Esses protestos - que resultaram ontem na prisão de 182 pessoas e dezenas de feridos - dificultaram a vida de um dos poucos jornalistas africanos destacados para cobrir a reunião do G8. Por conta dos confrontos - em um deles, os manifestantes derrubaram uma cerca metálica que isolava o local do evento -, Kamau levou horas para chegar lá e chegou a temer ser atacado por grupos de radicais:
''Me alertaram que eu poderia ser alvo dos anarquistas por causa da minha cor, mas não foi o que senti. Estou louco para chegar logo aonde as coisas estão acontecendo. Aliás, ver a polícia batendo nos manifestantes também me fez lembrar de casa.''
Kamau só lamenta que não haja muitos jornalistas africanos na Escócia: ''Eu tenho a sensação de que sou um dos poucos, o que é uma pena. Quem vai falar da África para a própria África se os jornalistas de lá não estão aqui? De qualquer forma, me sinto ótimo por ter a chance de ter vindo, de ver as coisas de perto. Tem tudo a ver conosco, afinal de contas''.
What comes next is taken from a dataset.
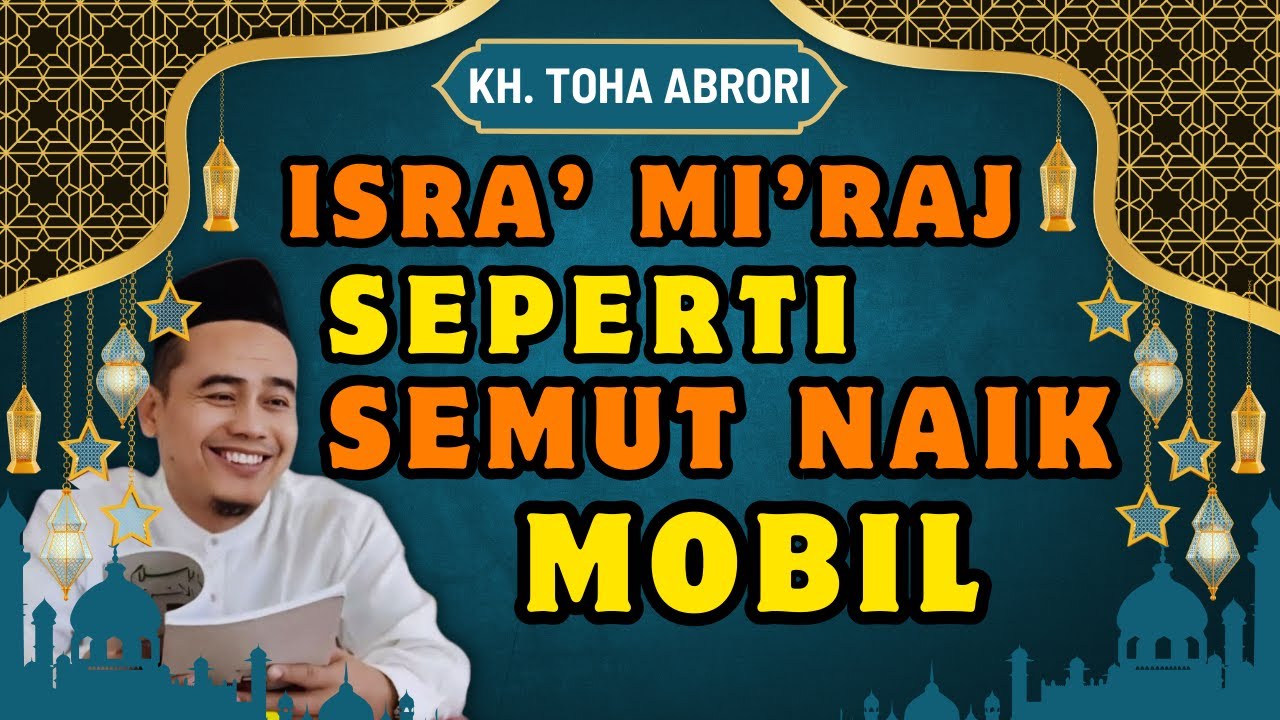 😢 Hikmah Besar Peristiwa Agung Isra’ & Mi’raj yang Sering Dilupakan - KH TOHA ABRORI TERBARU 2026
O repórter também faz críticas ao encontro em si e ironiza dando uma sugestão aos líderes mundiais.
''Nesse momento, acho que um evento do porte dessa reunião do G8 deveria estar sendo realizado na minha terra. Aliás, teria sido um exercício melhor de relações públicas se (os líderes mundiais) tivessem ido para a África e vivido com menos de US$ 1 por dia, como alguns de nós fazem, durante o encontro. Perderam a chance de ver, respirar e saber o que é a pobreza - e não estou falando da definição de pobreza que consta no Dicionário Oxford''.
Ao criticar a realização da reunião na Europa, Kamau lembra que há 100 anos foi também naquele continente que aconteceu o encontro de líderes em que a África foi dividida em colônias.
''Também tenho medo de que um assunto (a ajuda à África) que vai ficar tanto tempo em evidência acabe cansando a imprensa do Ocidente. Eles podem acabar desistindo de publicar reportagens sobre o tema, como já fizeram com o tsunami''.